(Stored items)
* * *

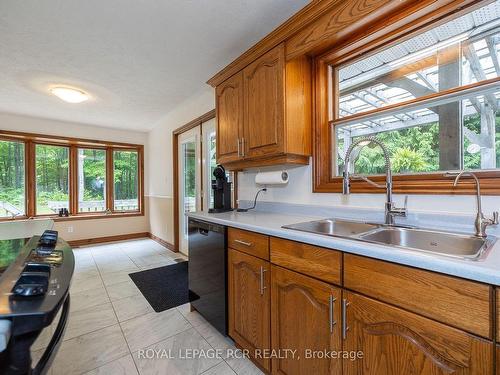 78 Lake St, Georgian Bluffs, ON - Indoor Photo Showing Kitchen With Double Sink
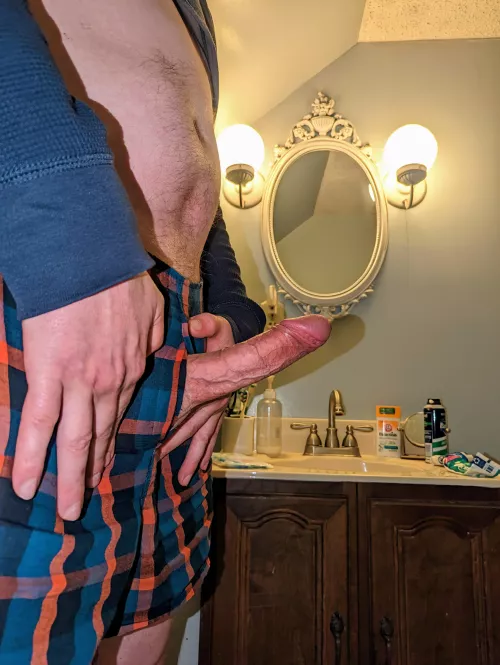 Time to suck todays dick 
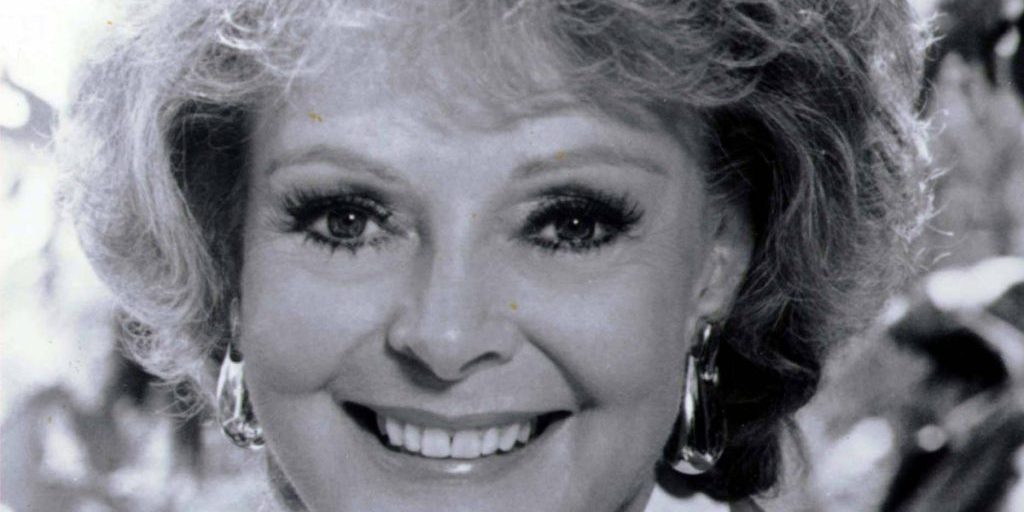 Addio a June Lockhart icona di Lassie e Lost in Space all'età di 100 anni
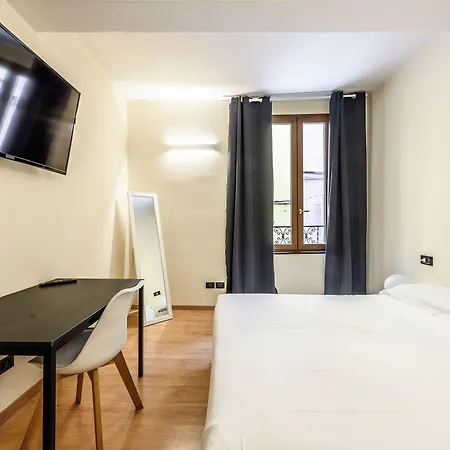 Emilia Hotel apartamentowy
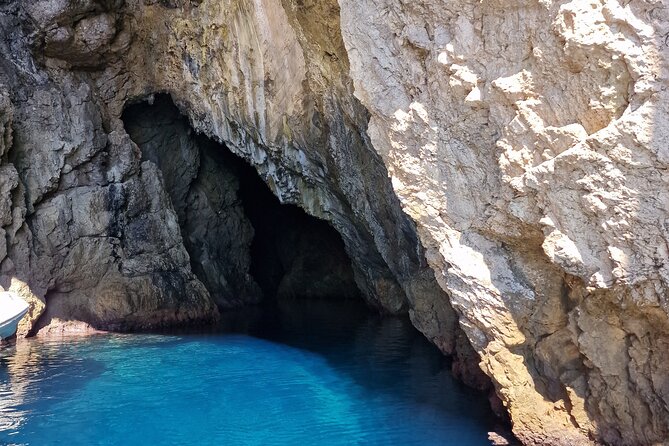 BLUE CAVE & 5 islands tour from Hvar - Palmizana Botanical Garden: lunch break plus a sea-and-pines reset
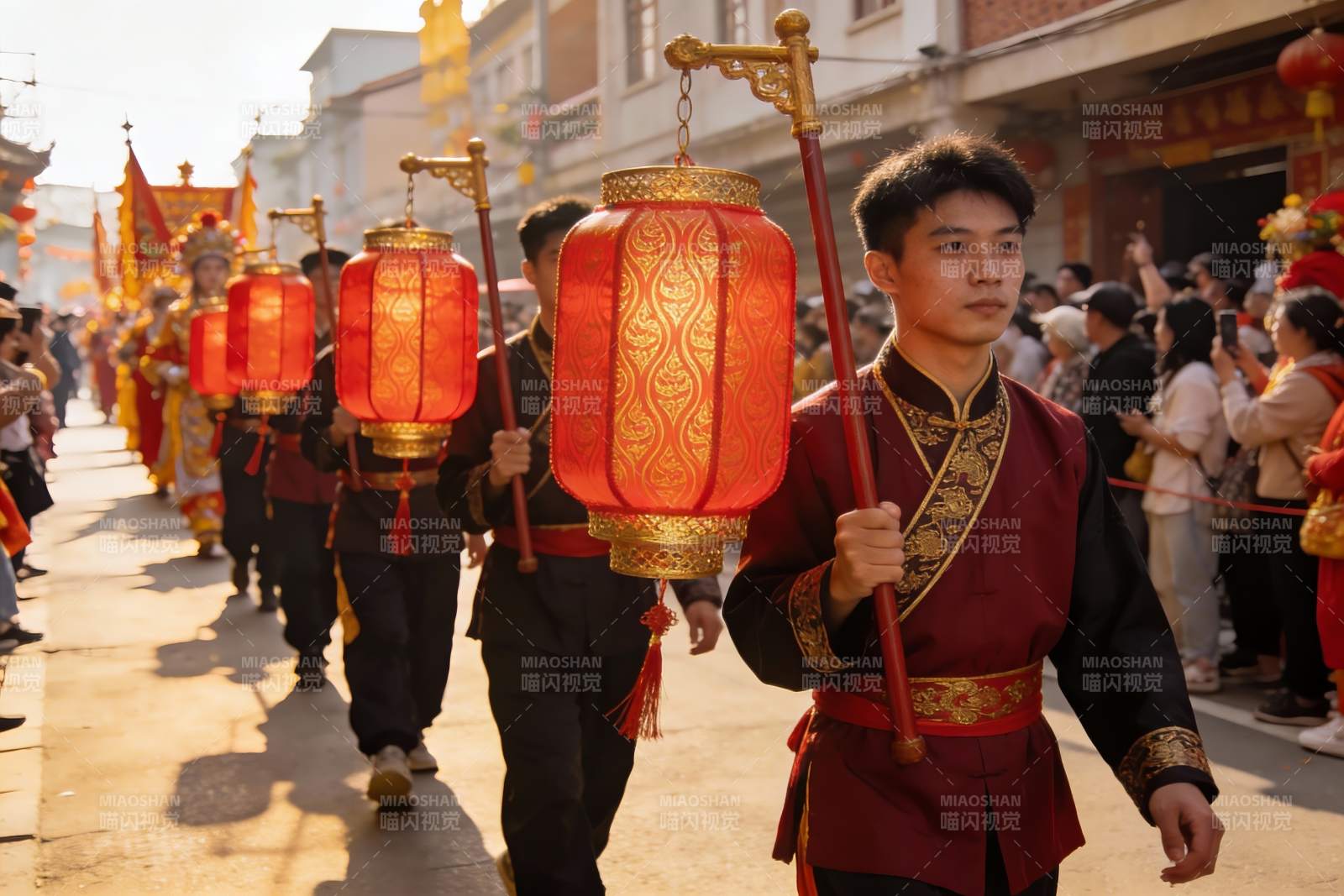 传统节日游行手持红灯笼图片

* * *

> _Task goal_
Give back exactly the lines from the one that contains "Addio a June" to the final line of the data above, both included, with all pictures removed.

> _Result for this exercise_
 Addio a June Lockhart icona di Lassie e Lost in Space all'età di 100 anni
 Emilia Hotel apartamentowy
 BLUE CAVE & 5 islands tour from Hvar - Palmizana Botanical Garden: lunch break plus a sea-and-pines reset
 传统节日游行手持红灯笼图片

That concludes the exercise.